The gathered literature shows a strong need for an integrated approach and that neither social nor conventional media can be treated separately. Customers can react to a company message no matter how it is communicated to them by means of social media. The interactive applications increase the speed of communication and therewith also the speed on which a potential reputation threat can spread. Appendix 4 shows how managers can try to influence their corporate reputation with the support of social media as well as conventional media. The arrows symbolize that the communication is one sided for conventional media and two sided for social media as it is also shown in Appendix 2. Users or customers that make bad accusation that eventually become a reputation threat. It is important to note that social media and conventional media are interlinked and that an accusation or reputation threat can start either on social media and end up to be broadcasted on television or the newspaper at the next day. Social media make it very easy to share ones opinion and therefore also to create accusations. It is important to understand that social media and conventional media are interlinked and both can have a negative as well as positive effect on the company’s corporate reputation. Customers can share positive as well as negative experience, but for the purpose of illustrating it as a figure they are displayed in a way that they are responsible for the accusations.

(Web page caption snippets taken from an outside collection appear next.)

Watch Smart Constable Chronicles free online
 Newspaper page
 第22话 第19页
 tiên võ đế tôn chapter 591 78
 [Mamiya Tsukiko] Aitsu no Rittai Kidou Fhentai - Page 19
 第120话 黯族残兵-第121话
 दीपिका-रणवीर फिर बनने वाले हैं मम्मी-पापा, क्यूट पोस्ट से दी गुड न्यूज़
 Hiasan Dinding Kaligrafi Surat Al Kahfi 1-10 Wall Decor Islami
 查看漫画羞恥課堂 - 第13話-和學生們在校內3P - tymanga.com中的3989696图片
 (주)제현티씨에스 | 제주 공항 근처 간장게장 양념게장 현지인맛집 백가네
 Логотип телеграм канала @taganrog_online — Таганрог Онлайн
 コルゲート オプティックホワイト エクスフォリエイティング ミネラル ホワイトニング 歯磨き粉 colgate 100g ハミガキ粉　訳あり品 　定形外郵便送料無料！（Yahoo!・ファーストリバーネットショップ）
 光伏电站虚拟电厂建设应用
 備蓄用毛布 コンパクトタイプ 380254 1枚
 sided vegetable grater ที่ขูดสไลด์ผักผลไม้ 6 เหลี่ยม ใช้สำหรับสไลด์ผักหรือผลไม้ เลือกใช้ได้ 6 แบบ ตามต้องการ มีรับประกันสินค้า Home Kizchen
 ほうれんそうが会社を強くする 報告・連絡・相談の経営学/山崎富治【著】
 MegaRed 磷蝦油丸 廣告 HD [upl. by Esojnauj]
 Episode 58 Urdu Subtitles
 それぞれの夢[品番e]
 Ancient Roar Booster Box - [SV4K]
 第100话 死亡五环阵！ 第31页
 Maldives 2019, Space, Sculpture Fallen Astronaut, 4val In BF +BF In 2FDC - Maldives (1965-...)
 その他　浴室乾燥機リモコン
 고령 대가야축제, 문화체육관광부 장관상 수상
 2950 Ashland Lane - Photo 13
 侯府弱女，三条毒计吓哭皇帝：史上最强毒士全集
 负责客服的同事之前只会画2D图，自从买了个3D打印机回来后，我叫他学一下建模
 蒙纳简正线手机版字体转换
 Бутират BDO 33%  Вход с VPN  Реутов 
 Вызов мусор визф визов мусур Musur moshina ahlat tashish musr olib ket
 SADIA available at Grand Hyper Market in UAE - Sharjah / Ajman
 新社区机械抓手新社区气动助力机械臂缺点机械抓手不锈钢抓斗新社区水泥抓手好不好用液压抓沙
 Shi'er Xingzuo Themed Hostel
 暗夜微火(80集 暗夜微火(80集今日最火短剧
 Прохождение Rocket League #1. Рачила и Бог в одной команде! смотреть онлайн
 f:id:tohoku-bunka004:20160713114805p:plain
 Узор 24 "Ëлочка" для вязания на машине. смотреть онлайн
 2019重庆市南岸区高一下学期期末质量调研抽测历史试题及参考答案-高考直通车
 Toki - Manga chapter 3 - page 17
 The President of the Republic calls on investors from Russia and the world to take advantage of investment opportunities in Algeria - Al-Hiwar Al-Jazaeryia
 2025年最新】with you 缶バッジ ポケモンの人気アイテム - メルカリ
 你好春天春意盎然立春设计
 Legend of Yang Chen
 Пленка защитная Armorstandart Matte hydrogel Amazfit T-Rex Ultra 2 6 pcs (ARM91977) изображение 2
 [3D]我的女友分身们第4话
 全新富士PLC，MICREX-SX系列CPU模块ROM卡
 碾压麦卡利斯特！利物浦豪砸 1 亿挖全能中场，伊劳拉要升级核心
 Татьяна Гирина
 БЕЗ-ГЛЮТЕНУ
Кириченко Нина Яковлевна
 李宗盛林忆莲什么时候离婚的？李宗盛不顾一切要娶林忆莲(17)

Besides the pace, social media also provide sophisticated communication and especially interaction between large numbers of users becomes relatively easy (Tucker &

Melewar, 2005). Therewith there is a higher chance that content of dissatisfied customers is shared based on their experience among huge groups, because there are almost no thresholds. Web 2.0 influences consumer behaviour, because people share their personal and very trustworthy experience (Constantinides &

Fountain, 2008) so it is arguably that social media have a stronger influence on public relations than mass media. The information flow in both directions is so high (Tucker & Melewar, 2005), that users are not always aware of reputation influence and that they might harm the reputation not on purpose. Kim & Jeong (2012) found that the speed of communication, in both direction, allow customer to spread accusations on an enormous level, but at the same time social media can help to spread the apology or companies reaction. Hanna, Rohm & Crittenden (2011) mention that the medium also has an impact on how the message is received.

Although social media do not require a change in terms of business practice on how to react to reputation threats, Web 2.0 does change today’s business world. The essential methods of reputation management with respect on how to react to reputation threats and customer accusations are the same. Thus social media did not change the practice. The only exception might be the IT tools that monitor social media in order to identify a crisis. It has become more important than ever to react fast to avoid reputation threats and once occurred, businesses must prevent them from doing more harm to the corporate reputation. All digital media applications are interlinked and cannot be treated separately. Social media essentially have a huge impact on reputation management today. Companies need to have a cohesive reputation management strategy and be aware that communication no matter on what media can always be transferred to other media channels. Social media did not change the practises itself. However its strong impact in terms of pace and customer empowerment creates the fundamental need for organizations to use it as primary tool to manage their reputation.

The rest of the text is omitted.